[Source material]:
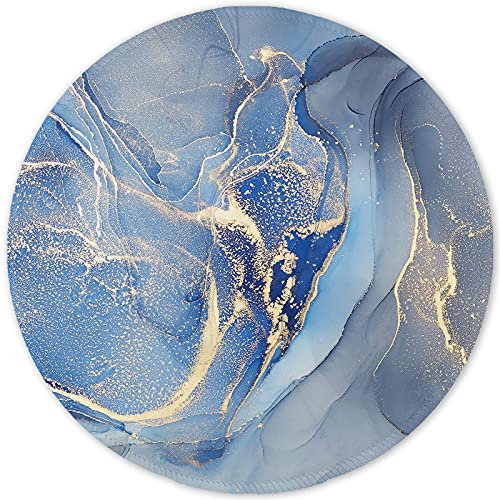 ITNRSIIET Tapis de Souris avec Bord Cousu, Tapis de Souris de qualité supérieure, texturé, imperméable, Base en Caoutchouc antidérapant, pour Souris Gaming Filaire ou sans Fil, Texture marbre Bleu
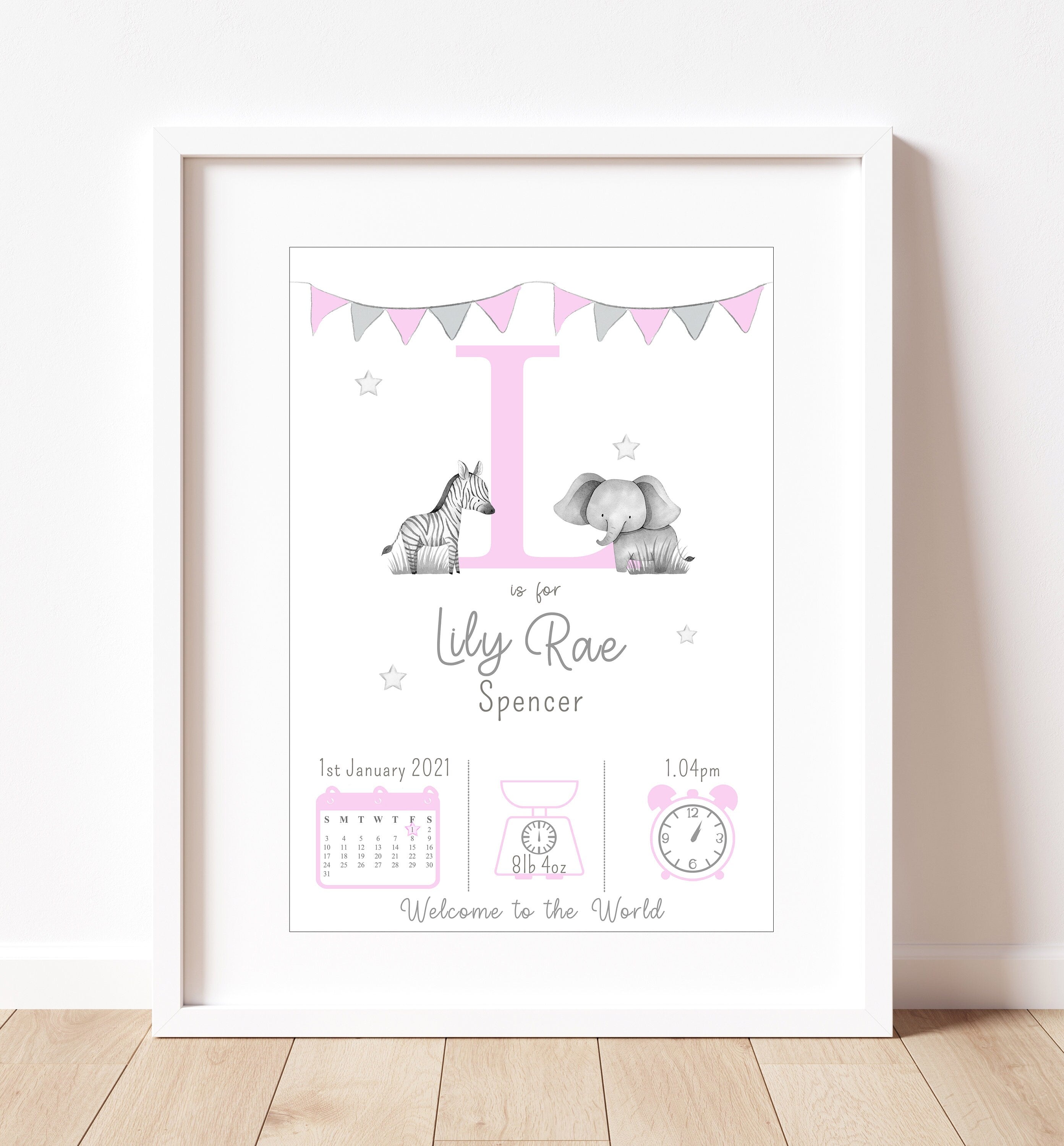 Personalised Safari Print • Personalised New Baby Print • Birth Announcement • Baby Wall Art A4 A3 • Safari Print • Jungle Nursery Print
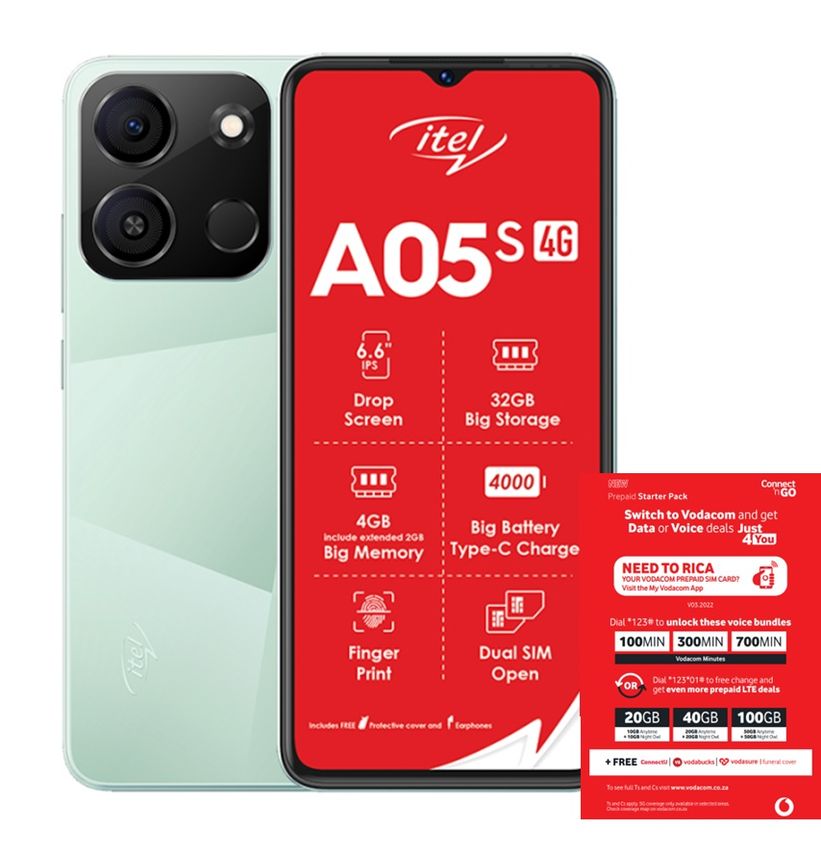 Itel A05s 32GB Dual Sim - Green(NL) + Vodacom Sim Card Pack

[Exercise]: With the pictures excluded, retype exactly the lines from the one containing "Personalised Safari Print" through the last line of the listing, both ends included.

[Solution to the exercise]:
 Personalised Safari Print • Personalised New Baby Print • Birth Announcement • Baby Wall Art A4 A3 • Safari Print • Jungle Nursery Print
 Itel A05s 32GB Dual Sim - Green(NL) + Vodacom Sim Card Pack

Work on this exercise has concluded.